This example demostrates how to use AOMP, which can compile programs that use OpenMP offloading.
The `vadd.cpp` source file contains a simple vector add source code. On line 35 there begins a loop performing the vector addition, which is annotated by several OpenMP constructs. The `target` construct makes the code execute on the GPU, `map` informs OpenMP about what data transfers should be done.

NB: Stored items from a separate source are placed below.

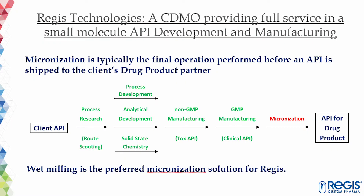Today we're going to talk about wet mill micronization of APIs and about its advantages over dry milling. Regis Technologies is a CDMO providing full service in small molecular API development and manufacturing. We perform phase-appropriate process development and manufacturing of APIs. Micronization or particle size reduction is one of the key processes in drug development.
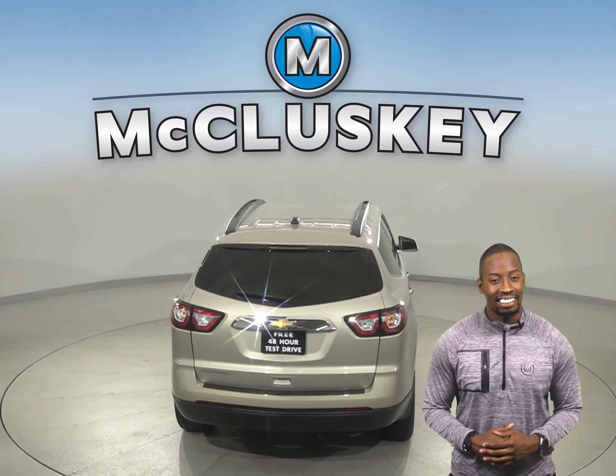This Traverse has heated seats and a remote vehicle start. There is also a hands-free Bluetooth integration system, traction control, and braking assist to make everything simple and safe for you during your commute.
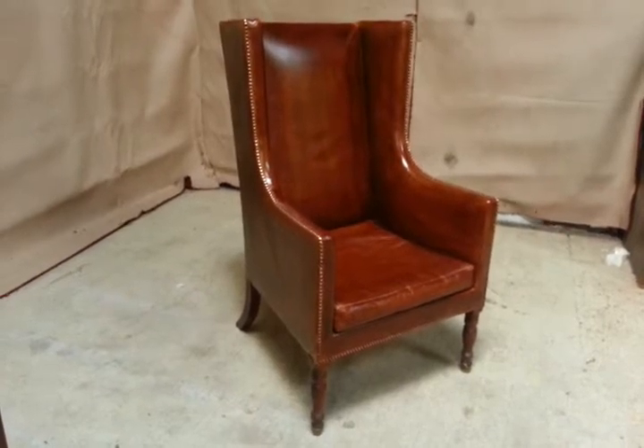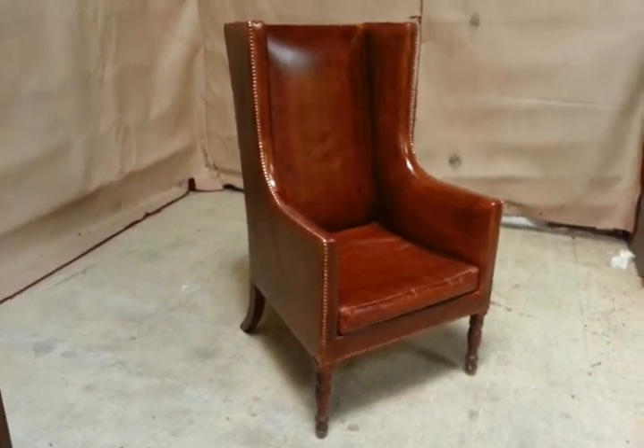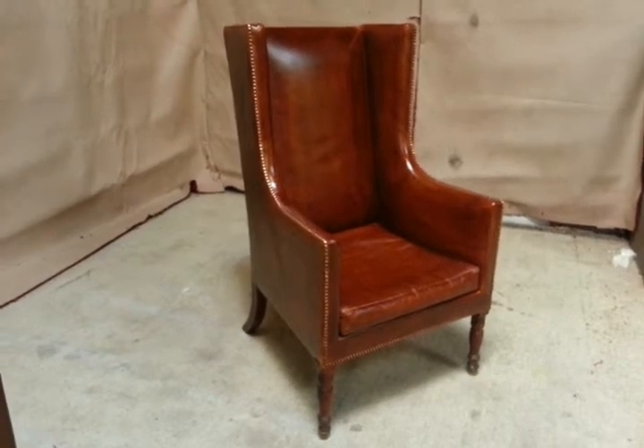A stunning example of an antique Georgian Regency wing chair — George IV, circa 1820.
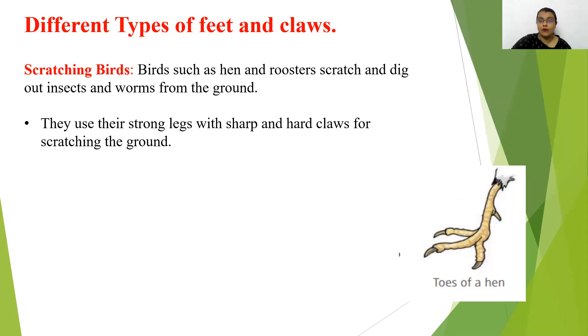Next, scratching birds. Birds such as hen and rooster scratch and dig out worms and insects buried in the ground. They use their strong legs with sharp and hard claws for scratching the ground. That is why these birds are called scratching birds.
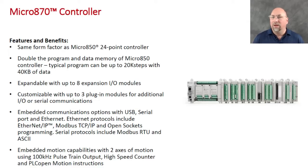So twice the memory, twice the expansion I/O, and it has three plug-in slots. Really everything else is the same as the 850, but if you are using the 850 now and you're running out of memory or need more I/O, this is a great option. That, coupled with all the new changes coming to CCW version 11 that I talked about in the last episode, this looks really promising.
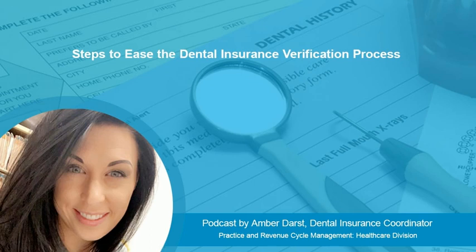Also, inform the patient about the claim processing guidelines. Let them know you'll be filing this service with their insurance, but there's no guarantee of payment. Ensure them that you will be submitting everything to support payment, but it's ultimately up to the insurance carrier to approve this service and pay towards it.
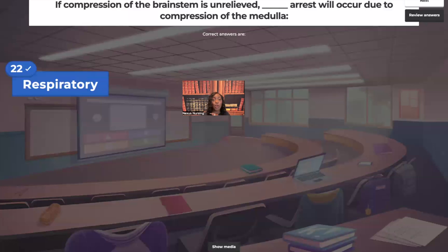Many guessed cardiac arrest, but it's respiratory arrest. The medulla is the respiratory center of the brain — you absolutely need to know that when studying increased intracranial pressure.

The `teams` construct creates a league of teams, and `distribute` splits the for loop iterations between all teams, a lot like dividing work between threadblocks in CUDA/HIP. `parallel for` then creates several threads, which together work on the team's loop iterations, just like threads in a threadblock.
The code can be compiled using
```
aompcc vadd.cpp -o vadd.x
```
On machines with other than non-default GPU (default is Vega, gfx900), one would either `export AOMP_GPU=gfx908` or compile using `aompcc --offload-arch gfx908 vadd.cpp -o vadd.x` (for AMD Instinct MI100).
This example compares different OpenMP parallelization techniques of a simple algorithm calculating $\pi$ based on numerical integration and the fact that $\pi = \int_0^1 \frac{4}{1+x^2} \;\mathrm{d} x$.
The `pi_seq.cpp` source file contains sequential code of this algorithm, `pi_omp.cpp` is parallelized using OpenMP, `pi_omp_offload.cpp` uses OpenMP offloading, and `pi_hip.hip.cpp` is the same algorithm, but written in HIP. Compile the sources by `make` and run them all by `make run`. Watch how many different ways was the code compiled, what commands were used for the compilation, and compare the differences in computation time.